Pour expliquer cette hausse du coût, il y a d’abord le contexte, souligne Jérôme Dezobry, président du directoire de la SCSNE :

« C’est surtout lié à l’inflation, 1,1 milliard d’euros. On l’a tous vécu, avec la crise ukrainienne, on l’a senti dans nos vies quotidiennes. Ensuite, le projet qui est fait aujourd’hui est assez différent de celui de l’époque. Il y a de nouvelles réglementations, plus exigeantes. Le projet est beaucoup plus qualitatif. On ne compare donc pas forcément les mêmes choses. Le projet d’aujourd’hui correspond à un projet du XXIe siècle, dont notre région et l’Europe ont besoin. »

Si la Cour des comptes pointe, dans la perte de contrôle des coûts, un recours trop important aux prestataires extérieurs, Jérôme Dezobry assure que, « quand on construit sa maison, on ne fait pas tout, tout seul. Pour un projet aussi important, on a besoin d’expertises très pointues ». Le président du directoire de la SCSNE souligne que la Cour des comptes n’a pas relevé d’irrégularités dans les contrats publics.

Il balaie aussi la critique portée sur la gouvernance et le fonctionnement trop frictionnel entre le constructeur, les collectivités et l’État.

« Cette gouvernance est liée au financement, on a vu un modèle similaire pour d’autres projets à l’étranger, par exemple la construction de ports maritimes. Les difficultés qu’on a connues au début sont liées à une chose très simple : on n’a pas fait de canal depuis cinquante ans dans notre pays. Il a fallu tout remettre en place, tout déterminer. »

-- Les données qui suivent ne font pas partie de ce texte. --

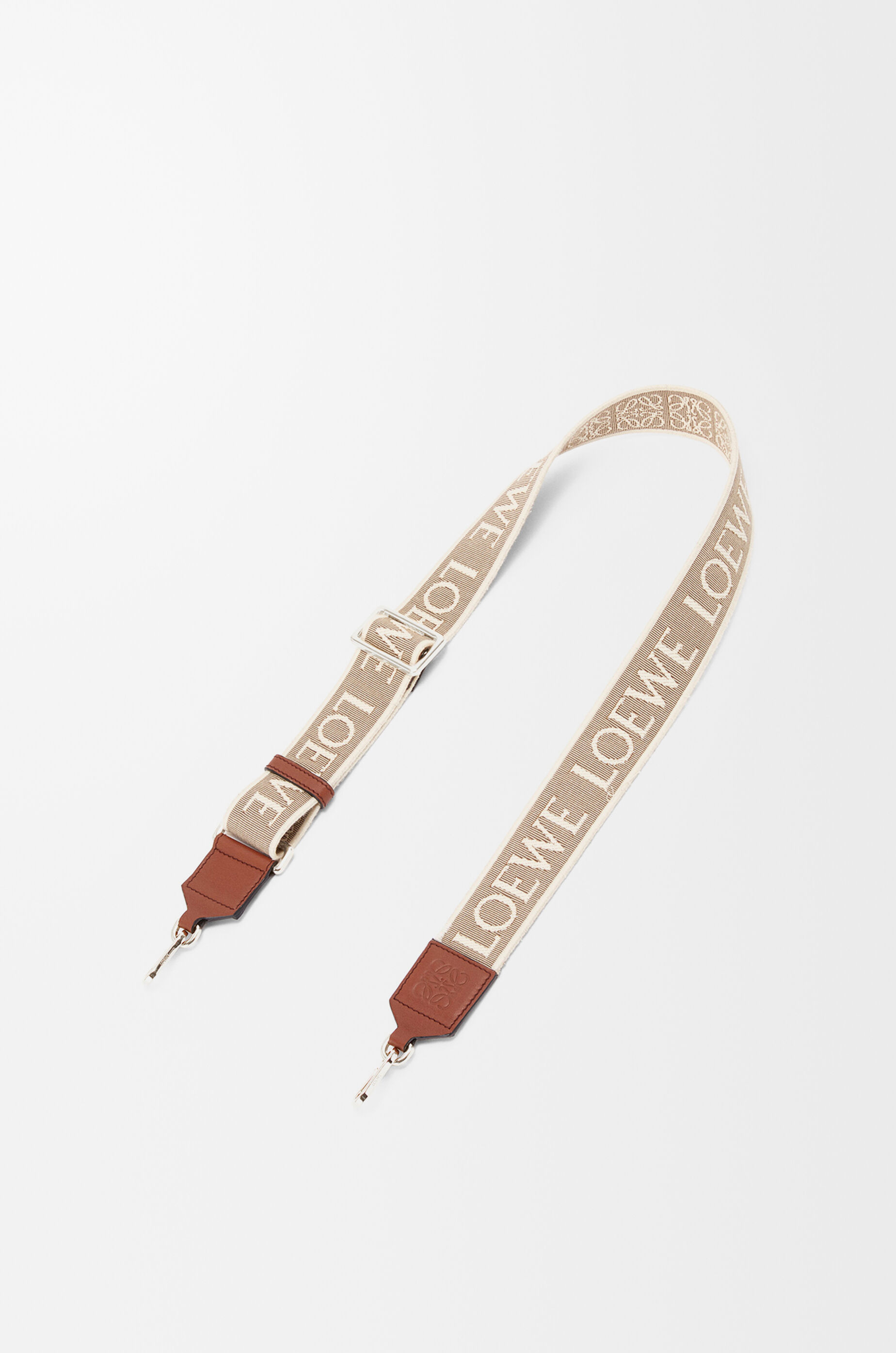 LOEWE Anagram strap in jacquard and calfskin Natural/Tan/Palladium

Une conférence de financeurs

Dans une réponse écrite après avoir reçu le rapport de la Cour, le ministre des Transports, Philippe Tabarot, a exprimé son intention d’instruire « une revue de l’ensemble des financements de toutes les parties existantes ou potentielles » du projet, afin de conclure un avenant à la convention de 2019.

Dans sa réponse annexée au rapport, Xavier Bertrand, président du conseil régional des Hauts-de-France, assure qu’il « partage totalement (…) la nécessité (…) que l’État réunisse une conférence des financeurs afin de sécuriser définitivement le financement de l’emprunt de bouclage, notamment par l’identification d’une ressource nationale à assiette locale favorisant le report modal, telle que prévue dans la convention de financement signé en 2019.

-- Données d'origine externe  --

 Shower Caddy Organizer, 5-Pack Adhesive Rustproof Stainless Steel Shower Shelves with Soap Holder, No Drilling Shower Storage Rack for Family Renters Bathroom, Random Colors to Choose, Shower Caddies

« Cette recommandation, qu’il me semble absolument indispensable de satisfaire dans l’année 2026, entre en résonance avec les débats qui s’ouvriront prochainement dans le cadre de la future loi-cadre sur le développement des transports, laquelle devra permettre de consolider la soutenabilité financière des grandes infrastructures de mobilité, comme peut l’être le canal Seine-Nord Europe, maillon essentiel de la liaison Seine-Escaut et du réseau européen de transport, et fortement suivi et soutenu financièrement pour ce motif par l’Europe », estime le président de région.

Dans un communiqué, la SCSNE a également dit souscrire à toutes les recommandations du rapport de la Cour des comptes, qui viennent selon elle « conforter des actions engagées depuis plusieurs mois pour la conduite du chantier et les retombées économiques du projet ».

Conclusion

Afin d’impulser une relance de l’activité agricole et industrielle, S&P plaide depuis longtemps pour la réalisation d’un vaste plan multimodal de modernisation de nos infrastructures de transport, en s’inspirant du « Plan Freycinet » qui, grâce à un investissement massif dans les ports, les voies navigables et le rail, avait su relancer l’économie française à la fin du XIXe siècle.

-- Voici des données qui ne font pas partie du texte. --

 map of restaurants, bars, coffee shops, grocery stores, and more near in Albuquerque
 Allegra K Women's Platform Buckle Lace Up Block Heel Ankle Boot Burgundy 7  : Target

Comme me l’avait confié Michel Rocard lorsque j’avais eu la chance de l’interviewer, le canal Seine-Nord Europe est crucial pour susciter une dynamique plus large, notamment le retour du canal Rhin-Rhône et d’autres interconnexions fluviales essentielles. A cela, il faut évidemment ajouter un plan d’urgence pour moderniser la batellerie française.

Faute de la véritable banque nationale émettant du crédit productif que nous réclamons, notre comptabilité nationale, surtout depuis sa soumission aux critères de Maastricht et à un écologisme dévoyé, tout investissement à long terme dans les infrastructures physiques et humaines, dont la rentabilité s’étale sur plusieurs générations, est devenu quasiment impossible.

Voilà enfin un vrai débat pour les élections présidentielles !

Parmi ceux qui réclament l’abandon du projet

Alors qu’un tel projet devrait être l’occasion de retrouver un peu de fierté nationale et faire naître une dynamique de relance de l’activité au service du monde entier, le parti de la défaite s’empare du sujet pour faire résonner les trompettes du pessimisme et de la mélancolie.

Les écologistes

Pour le Conseiller régional des Hauts-de-France des Ecologistes Alexandre Cousin, « ?Seine ?Nord Europe est un beau projet sur le papier mais c’est un projet du 20e siècle. Nous sommes en 2025 et la catastrophe climatique à laquelle on nous demande de nous adapter doit nous amener à reconsidérer ce projet qui est devenu obsolète et dangereux.? »

Les insoumis

Alors que « ?les travaux [du canal] avancent pour le moment en toute discrétion ? », selon le Conseiller régional insoumis Benoit Tirmarche, il fait valoir auprès de Mediacités que « ?l’actualité récente autour de Sainte ?Soline et de l’A69 démontre qu’on peut agir et qu’on ne peut saccager l’environnement à n’importe quelles conditions ? ». L’élu insoumis fait ici référence à la décision du tribunal administratif de Toulouse qui a prononcé l’annulation du chantier de l’autoroute A69 et à celle de la Cour administrative d’appel de Bordeaux qui a décrété l’illégalité de quatre méga bassines, dont celle de Sainte ?Soline. Il y voit la preuve que même les plus grands projets d’infrastructure dont les travaux sont engagés peuvent être remis en cause.
Source : Médiacités

Le Rassemblement National

Bien qu’elle ait affirmé le 27 octobre soutenir le projet, Marine Le Pen et son parti n’ont pas toujours adopté une position très claire. A l’image de la disposition pour un « mécanisme pour l’interconnexion en Europe » (dont faisait partie le canal Seine-Nord) votée par le Parlement européen le 19 novembre 2013 : Marine Le Pen, elle, s’était abstenue. Une valse-hésitation que tente de justifier Michel Guiniot, chef de file dans l’Oise : « Notre parti soutient bien évidemment le canal Seine-Nord. Mais en l’état, nous refusons de nous associer à quelque chose qui n’est toujours pas financé dans sa globalité, dont on ignore toujours la faisabilité structurelle, et dont la rentabilité est très lointaine. »
Source : Le Parisien.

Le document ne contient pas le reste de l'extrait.